2 comments on “Loving Jesus

  1. Scott, I really love the honesty in this.

    It’s interesting contrasting how you describe your love for your wife with the way you describe Christ’s love for you. With her, it’s a love she doesn’t have to earn (“I love her because I recognize the perfect beauty in who she is”) but with Christ, there’s a sense you wonder if you have to earn it:

    “do I love Him for the power He supposedly holds over me… because of what I think He can do for me, for what I think He must do for me if I am to avoid eternal damnation?”

    Then you flip to “Is my love for Him conditional or unconditional?” We’re all human and limited. Unconditional love for each other and Gd is something we’re becoming. I don’t think we’re supposed to judge ourselves for not having arrived yet.

    Possibly more important is what seems to be said below the surface. There’s a sense of needing to earn Gd’s love: if you can unconditionally love Christ, he’ll unconditionally love you. As you put “Am I measuring up? Am I worthy? Am I on the road to salvation – which only He can give?” If the standard you have to meet to measure up is loving like Christ, living like Christ, being (already) perfect, you’re trying to climb out of a very deep hole.

    I think Gd’s love for us is a lot closer to the picture you paint of your love for your wife. That’s one of the things that’s communicated in the idea of the Church as the bride of Christ and the marriage supper of the Lamb. Christ –Gd– loves us for. Period. Full stop.

    There’s a lot of power in starting with who am _I_ am being and letting that drive our actions. I’m coming to realize there’s more power in starting with who _we_ are becoming and letting that pull our being and thus our actions. We are becoming his perfect hands and feet.

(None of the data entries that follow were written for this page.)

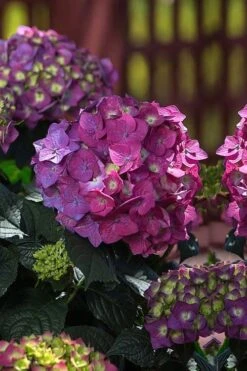 Summer Crush Endless Summer Hydrangea - 2 Gallon Pot 13 Summer Crush Endless Summer Hydrangea - 2 Gallon Pot -Best Bush Shop Hydrangea Summer Crush Endless Summer 4 1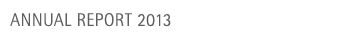 Annual Report 2013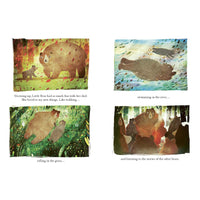 book-the-bear-the-piano-and-little-bear's-concert- (5)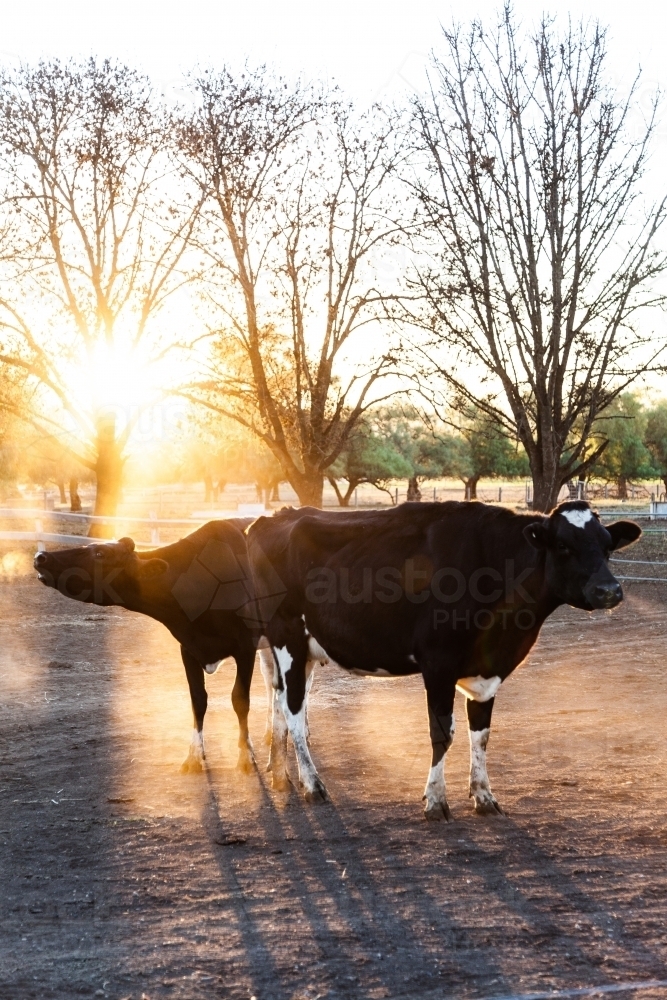 Dairy cow in dusty paddock at sunset backlit with golden light - Australian Stock Image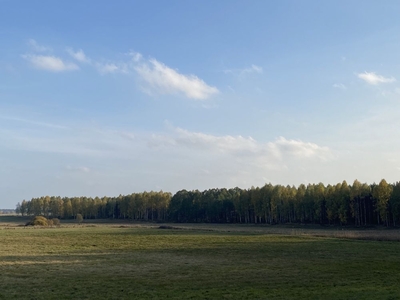 Działka rolna Szuć obok lasu i niedaleko jezior 30ar!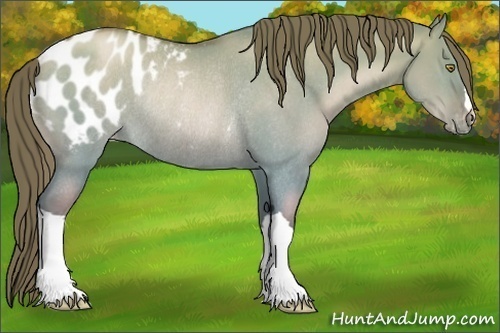Horse Color:Brown Pearl Dun Appaloosa Rabicano 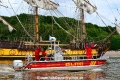 Greif 5 180514.jpg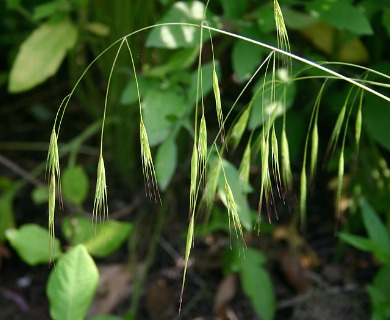 Schizachne purpurascens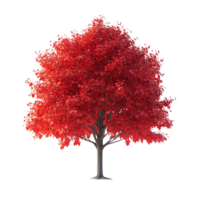 Red Maple Tree Stands Tall with a Transparent Background png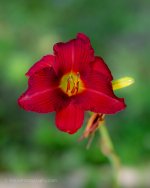 DSC_0249.jpg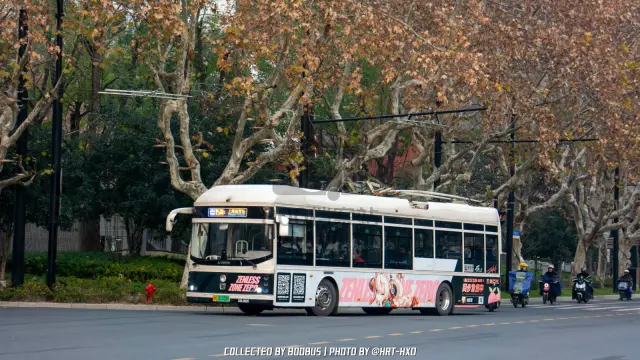 沪A 01078D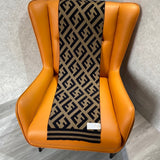 Front view of Fendi Scarve premium scarf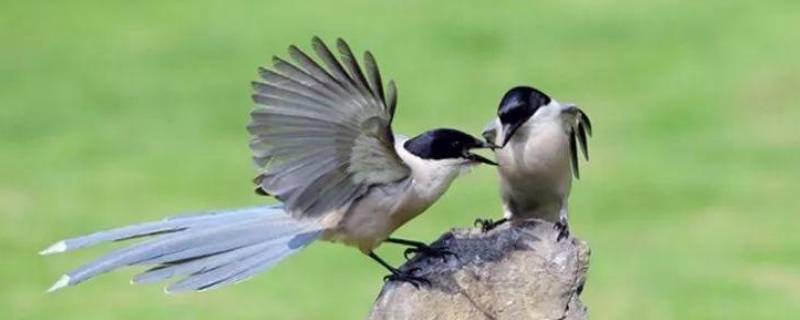 灰喜鹊和喜鹊的区别 农村常见的几种黑鸟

We are becoming perfect unconditional love for Gd and for each other and for creation itself.

    • Yes, Tim – so much here. Starting with who I AM rather than who I am NOT. Glass half full. Love, not judgment. Judgment is simply the result of NOT becoming love, of NOT living in harmony with who HE is and with the universe HE created. Evil is simply that which, through the gift of Free-will, chooses not to be in harmony. Judgment is not the default. The default is salvation – oneness with God. I wish I could communicate this simply paradigm switch – that we ARE love, NOT sin. The sin is the aberration – and we just need to seek the love and reject the sin, but the love is who we are, not the sin.